Data block:
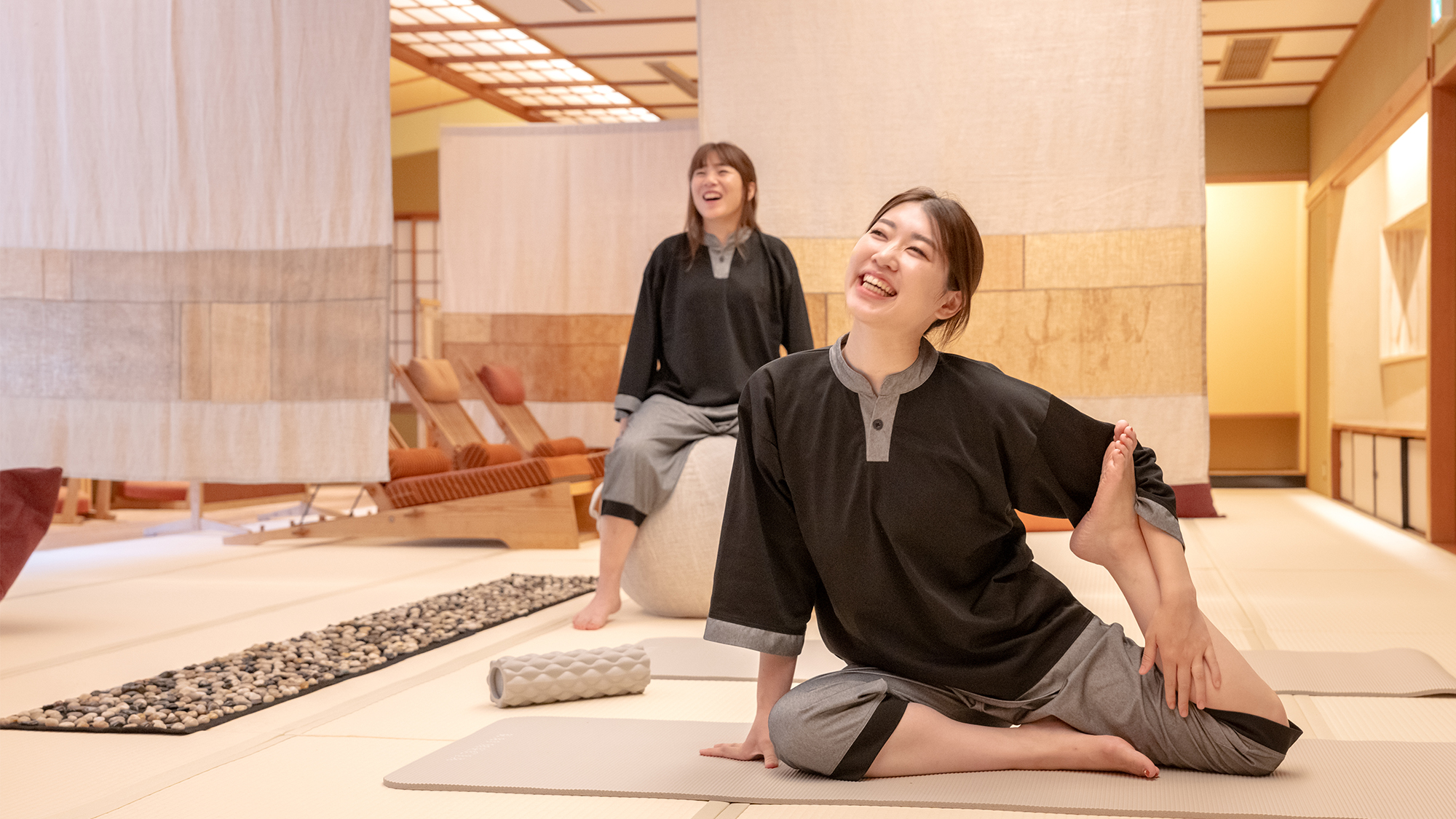 【2025年9月リニューアル／湯上がりどころ】楽しく健康促進できるウェルネスコーナーも備えた寛ぎスペ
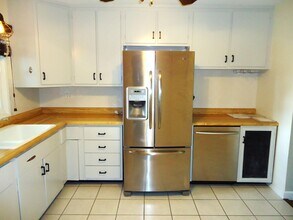 680 White Pine Rd in Buffalo Grove, IL - Building Photo - Building Photo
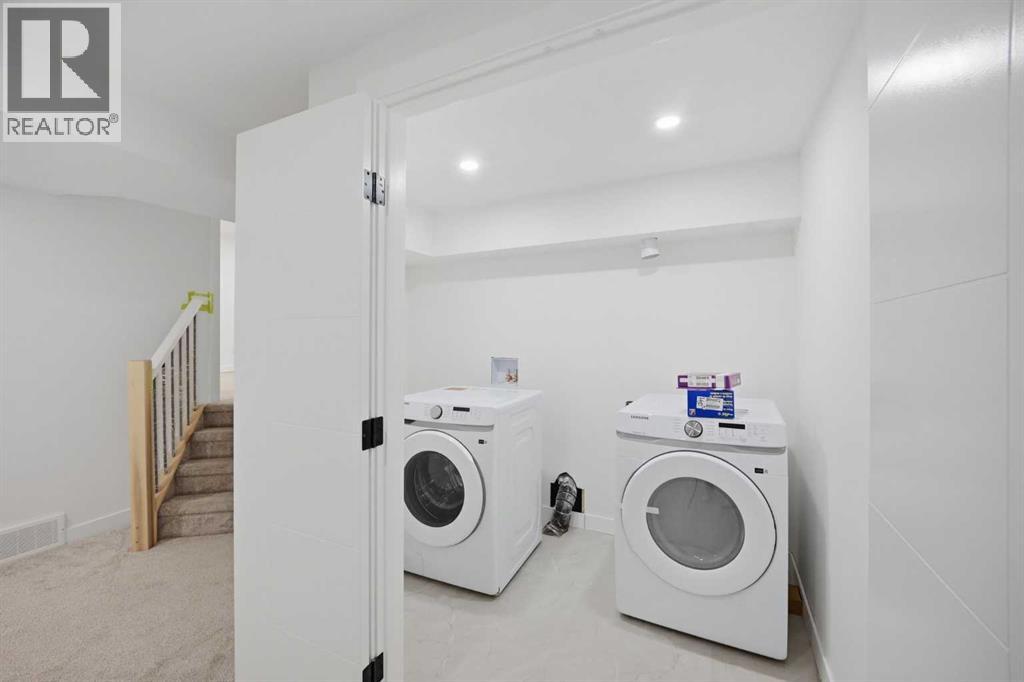 460 Queensland Place SE, Calgary, Alberta  T2J 5C9 - Photo 40 - A2350843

Task description: A verbatim copy of the material is needed; pictures are not to appear in it.

Solution to this problem:
 【2025年9月リニューアル／湯上がりどころ】楽しく健康促進できるウェルネスコーナーも備えた寛ぎスペ
 680 White Pine Rd in Buffalo Grove, IL - Building Photo - Building Photo
 460 Queensland Place SE, Calgary, Alberta  T2J 5C9 - Photo 40 - A2350843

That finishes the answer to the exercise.